Because Paris has fair skin, blue-green eyes, and features that reflect her mother’s European ancestry, public speculation about her racial identity has followed her since childhood.

Paparazzi photos, online forums, and tabloid headlines often framed her appearance as “proof” that she couldn’t possibly be Black—ignoring the simple reality that Blackness is not a monolith and that mixed-race children can inherit a wide spectrum of traits.

Paris has never wavered.

“I consider myself Black,” she told Rolling Stone unequivocally. On Facebook in 2017 she wrote, “I’ve been getting a lot of hate for saying I’m Black… My dad would literally cry if he heard someone say I’m white. He raised us to know exactly who we are.”

She has pointed out that her father frequently showed her photos of her grandmother Katherine Jackson (née Scruse), a Black woman of Afro-American and distant Native American descent, and spoke with reverence about the Jackson family tree that stretches back through the American South.

Michael also surrounded his children with Black cultural touchstones—music, art, history lessons, and extended family gatherings.

Identity Beyond the Visual

Paris’s insistence on identifying as Black is not performative; it is the direct result of how she was parented.

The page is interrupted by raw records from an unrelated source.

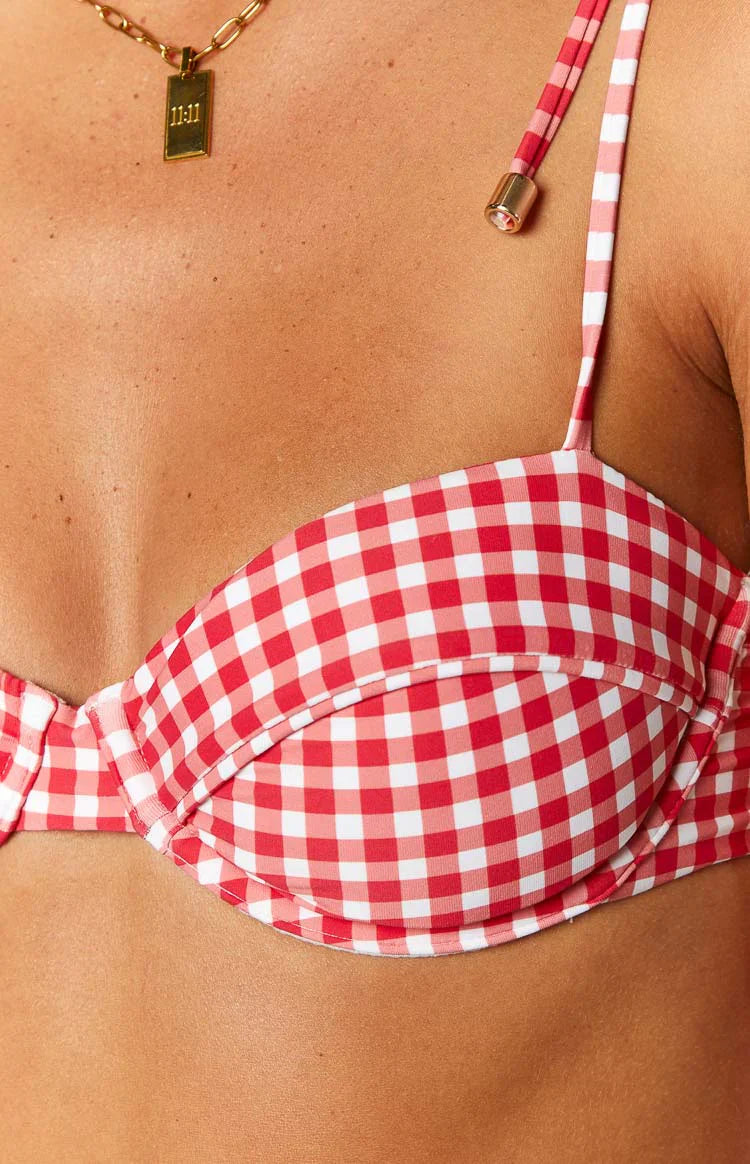 90 Swim Bianca Red Gingham Bikini Top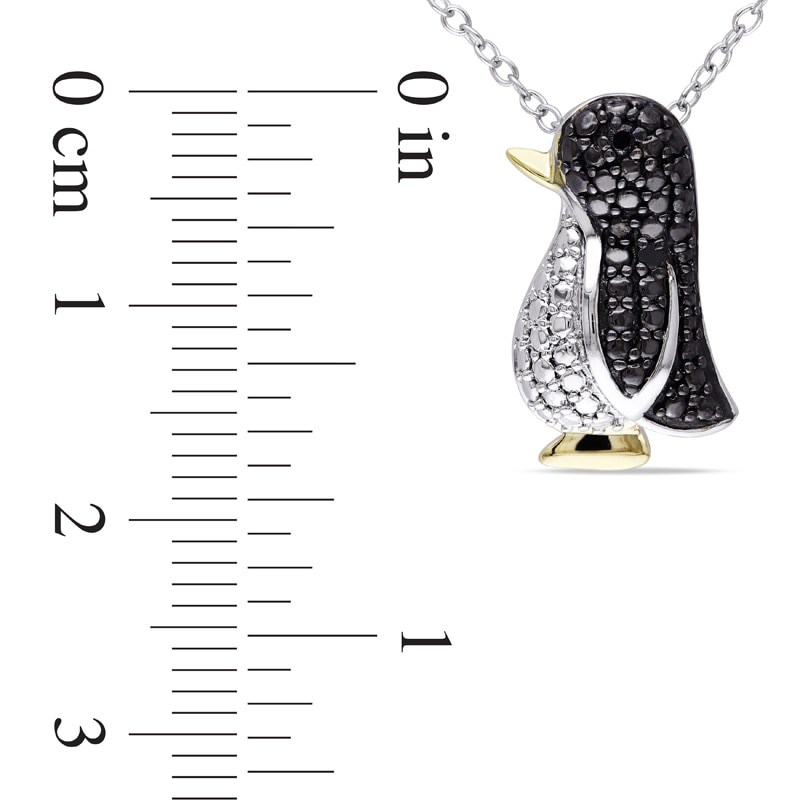 Black Diamond Accent Penguin Pendant in Tri-Tone Sterling Silver|Peoples Jewellers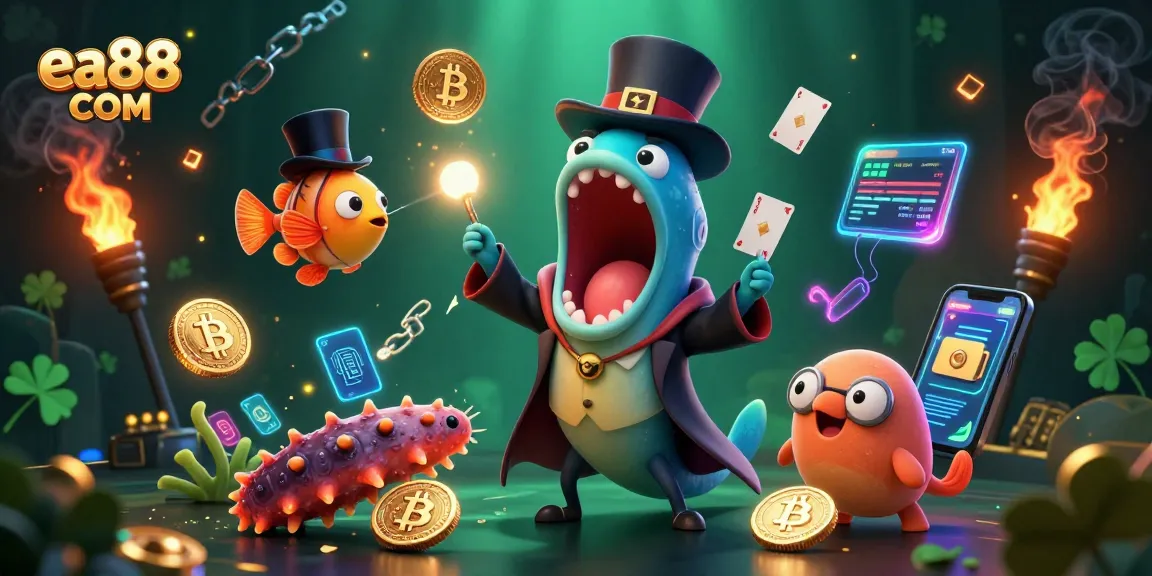Experience the magic of gambling at ea88 COM with a vibrant 3D illustration showcasing unique characters and crypto themes.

Michael Jackson taught his children that identity is carried in bloodlines, values, stories, and love—not determined by how closely someone matches a stranger’s expectations of what “Black” should look like.

In a 2020 Facebook Live session responding to ongoing online debate, Paris said:

“Most people that don’t know me call me white. I’ve got light skin and light eyes… but I’m not white. I’m mixed. I have Black heritage and I’m very proud of it.”

She has also spoken about the pain of seeing her father’s own appearance dissected and weaponized against him during his lifetime, and how that experience made Michael especially determined that his children would never feel ashamed of who they are.

Honoring a Father’s Legacy

Michael Jackson died on June 25, 2009, when Paris was only eleven. In the years since, she has carried forward the lessons he gave her with a quiet strength.

Whether she’s walking red carpets, advocating for mental health and environmental causes, or simply living her life, Paris continues to speak about the pride her father instilled in her.

That pride, she says, is one of the greatest gifts he ever gave her. “He wanted us to know the truth of who we were,” Paris has said. “Not just what the world wanted to see.”

In an era still wrestling with questions of race, belonging, and authenticity, Paris Jackson’s words stand as a gentle but powerful reminder: heritage is not a debate decided by strangers on the internet.

It is the story your parents tell you, the love they pour into you, and the truth you carry inside—no matter what the mirror reflects back.